DATA LISTING:
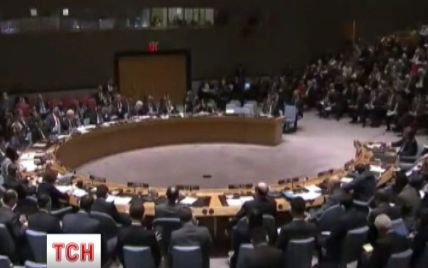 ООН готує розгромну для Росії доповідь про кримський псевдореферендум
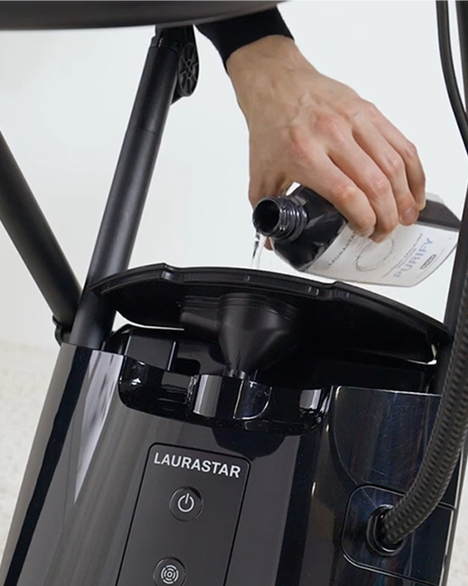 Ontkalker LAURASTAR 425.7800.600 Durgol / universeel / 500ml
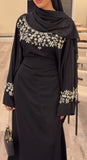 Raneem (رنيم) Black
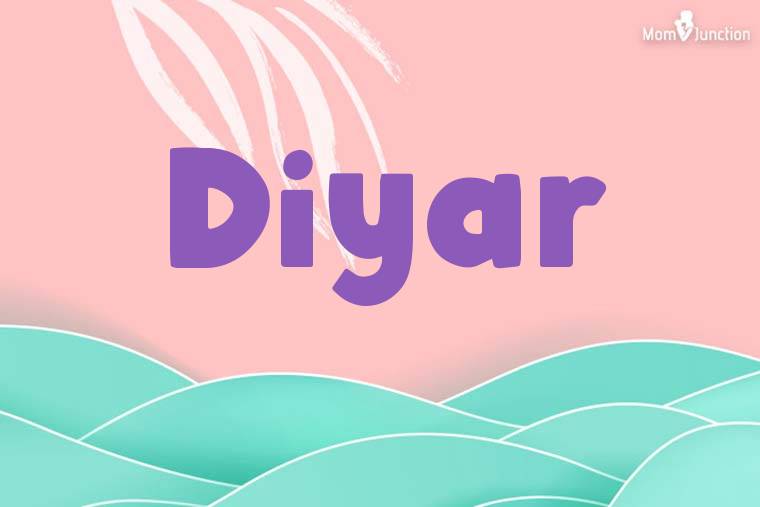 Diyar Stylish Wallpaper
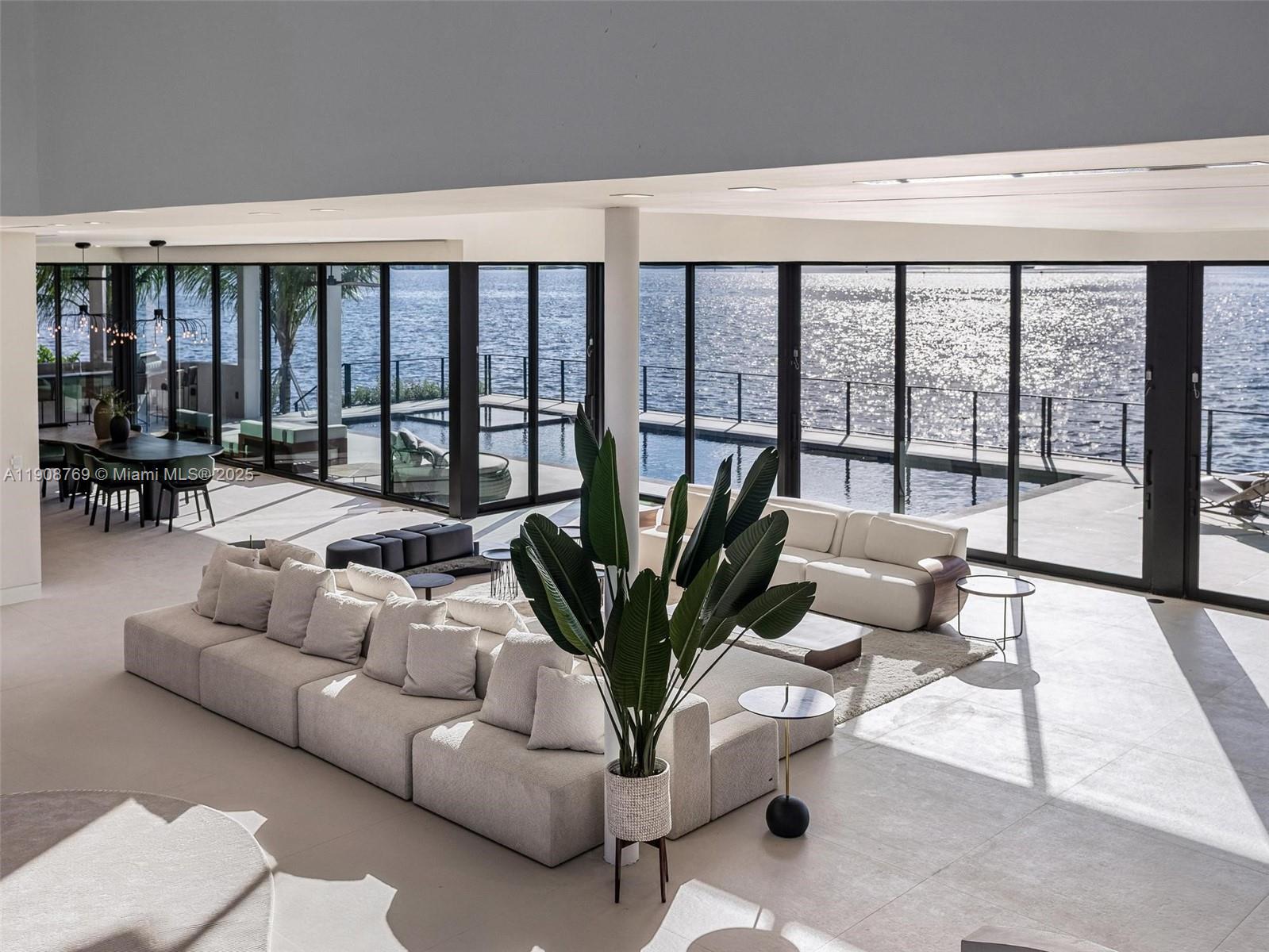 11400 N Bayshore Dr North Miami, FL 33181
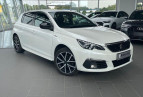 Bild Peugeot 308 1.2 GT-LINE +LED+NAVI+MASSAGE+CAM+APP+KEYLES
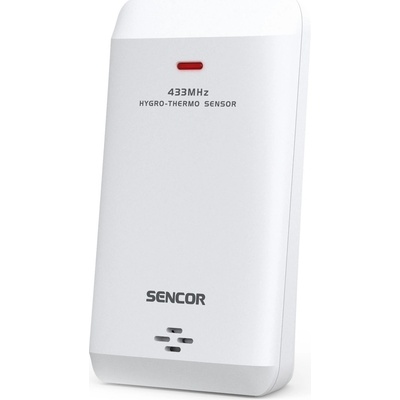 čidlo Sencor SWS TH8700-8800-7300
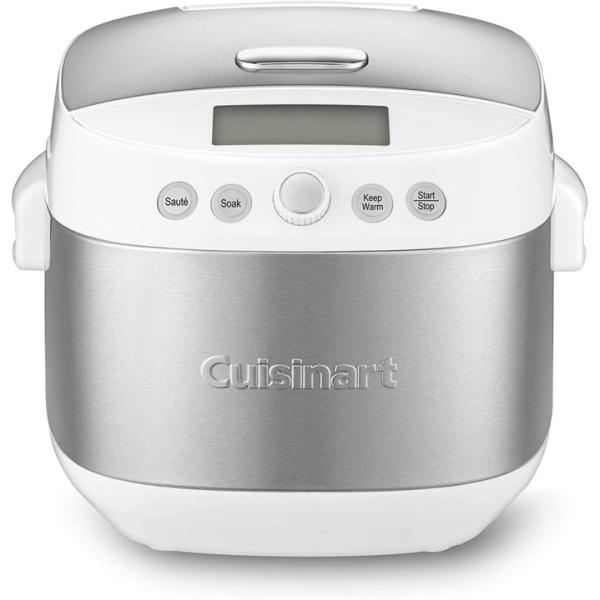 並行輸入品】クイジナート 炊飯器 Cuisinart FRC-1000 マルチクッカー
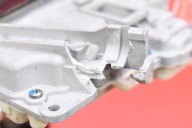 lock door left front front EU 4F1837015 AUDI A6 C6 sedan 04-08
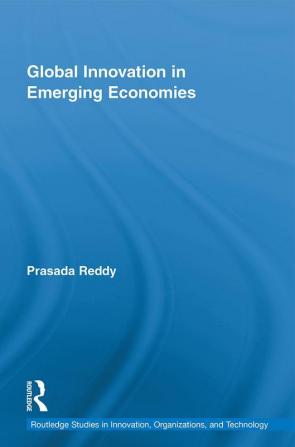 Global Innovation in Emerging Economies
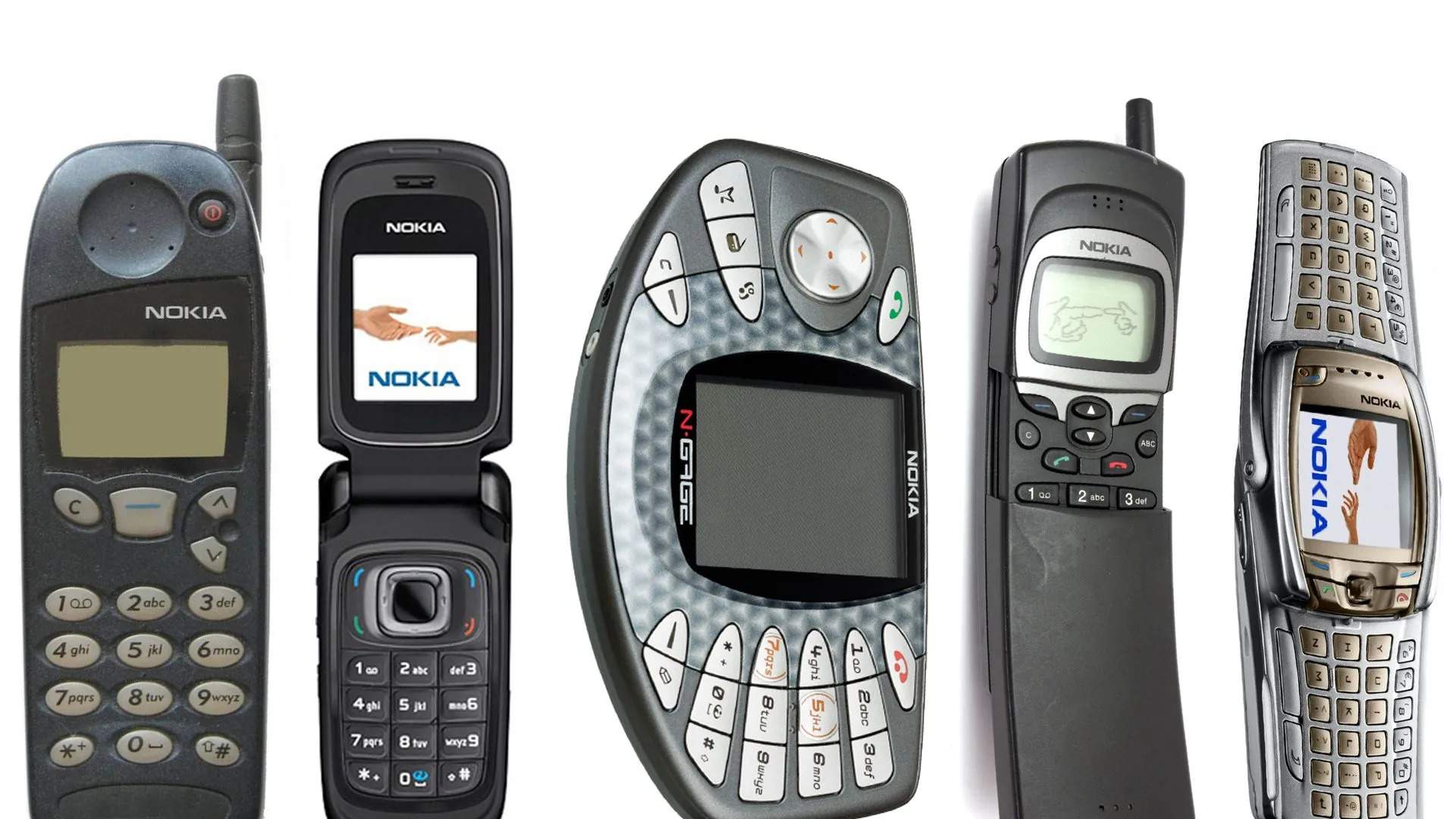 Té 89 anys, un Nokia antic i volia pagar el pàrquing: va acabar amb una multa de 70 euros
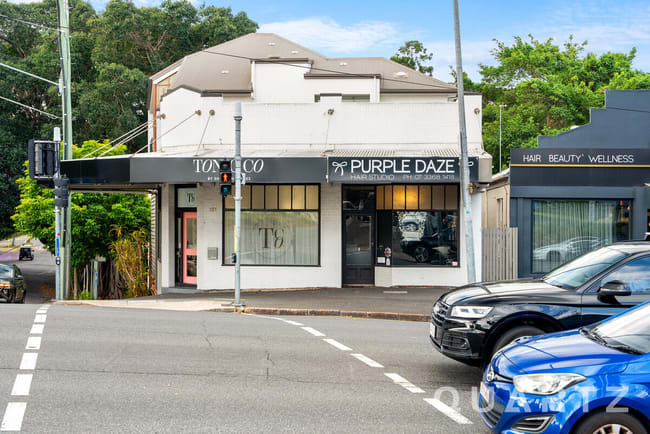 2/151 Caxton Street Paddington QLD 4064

==

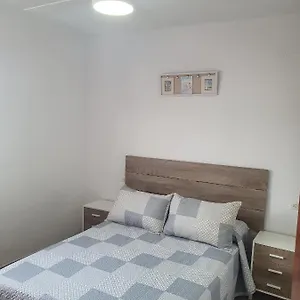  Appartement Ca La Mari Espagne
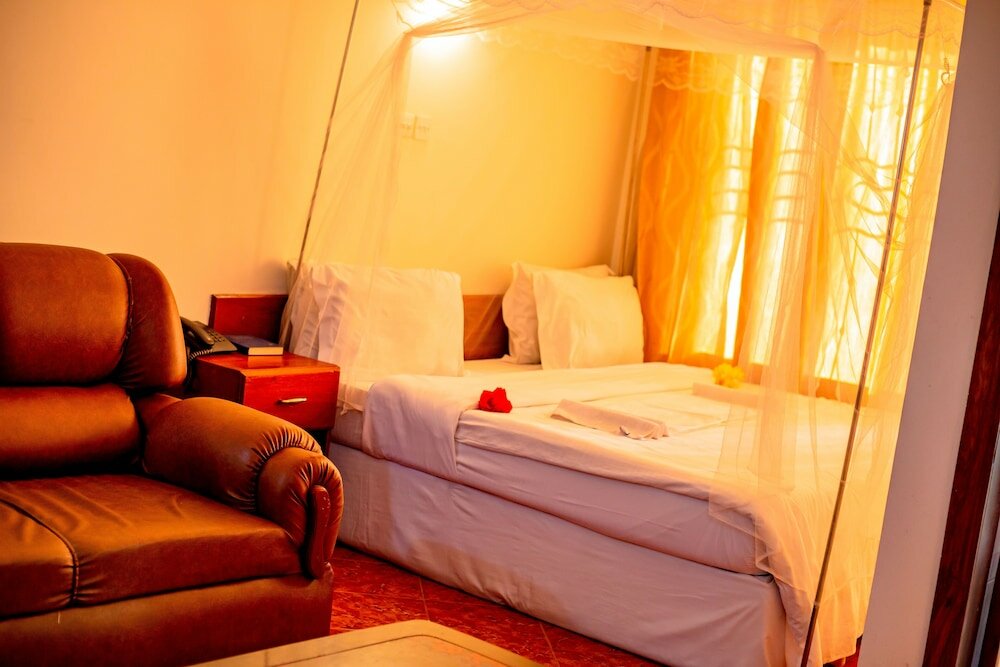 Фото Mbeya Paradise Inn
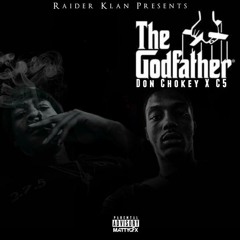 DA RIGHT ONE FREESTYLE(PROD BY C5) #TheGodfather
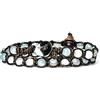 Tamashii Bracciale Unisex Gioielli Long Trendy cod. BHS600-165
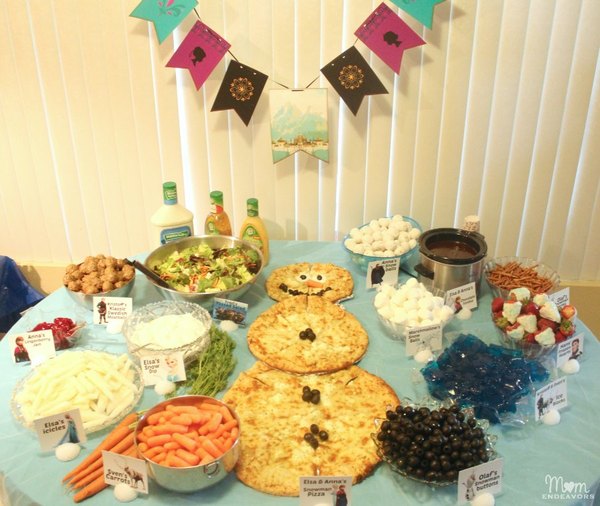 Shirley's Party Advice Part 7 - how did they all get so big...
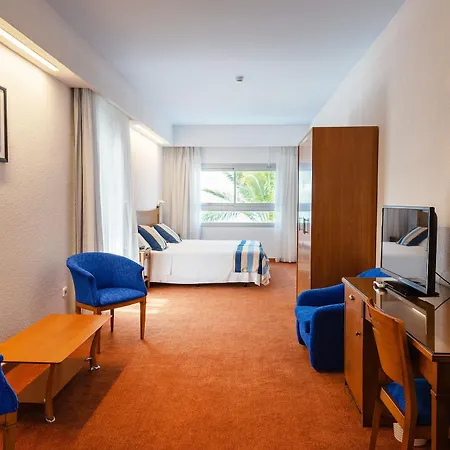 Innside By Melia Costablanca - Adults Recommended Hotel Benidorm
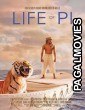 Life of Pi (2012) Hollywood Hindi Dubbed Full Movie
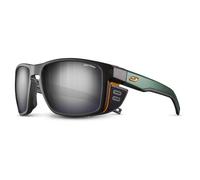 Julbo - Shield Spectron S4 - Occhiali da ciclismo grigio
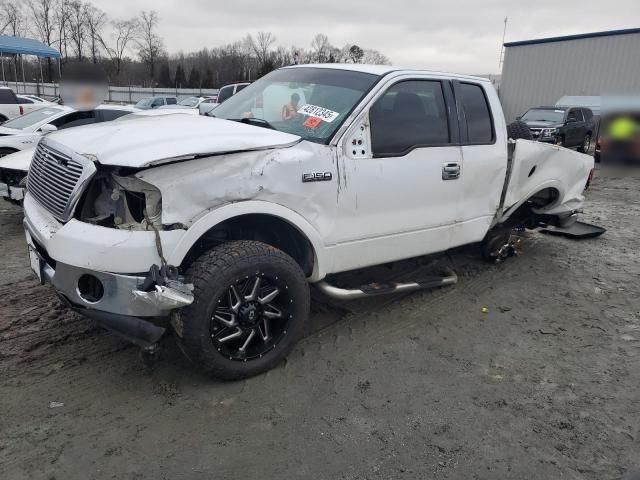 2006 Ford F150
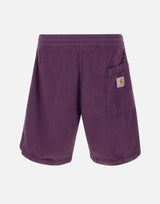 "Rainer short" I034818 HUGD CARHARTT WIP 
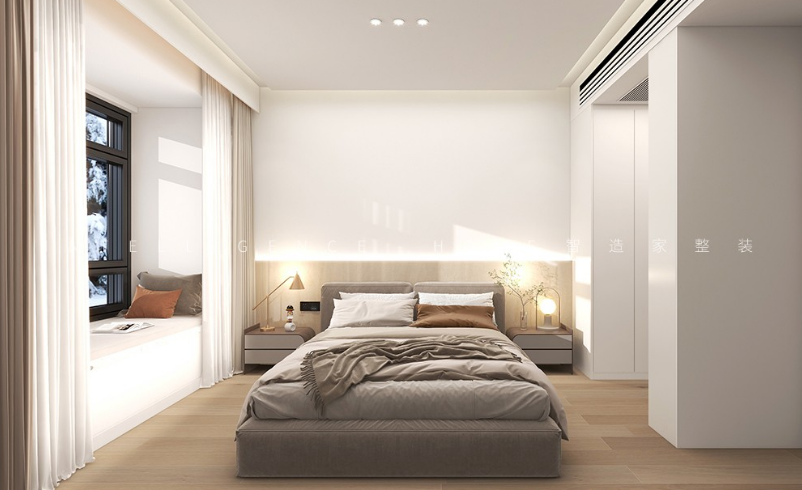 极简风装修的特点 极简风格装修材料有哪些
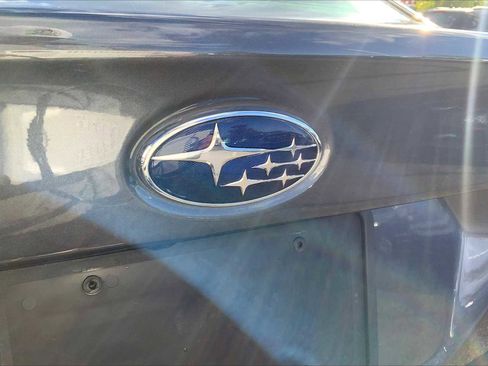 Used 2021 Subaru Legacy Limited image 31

REQUIRED ACTION:
Start with the line with "极简风装修的特点 极简风格装修材料有哪些" in the listing above and stop after the line with "Used 2021 Subaru Legacy Limited image 31". Write out exactly the lines in that stretch and no others, without pictures.

RESPONSE:
 极简风装修的特点 极简风格装修材料有哪些
 Used 2021 Subaru Legacy Limited image 31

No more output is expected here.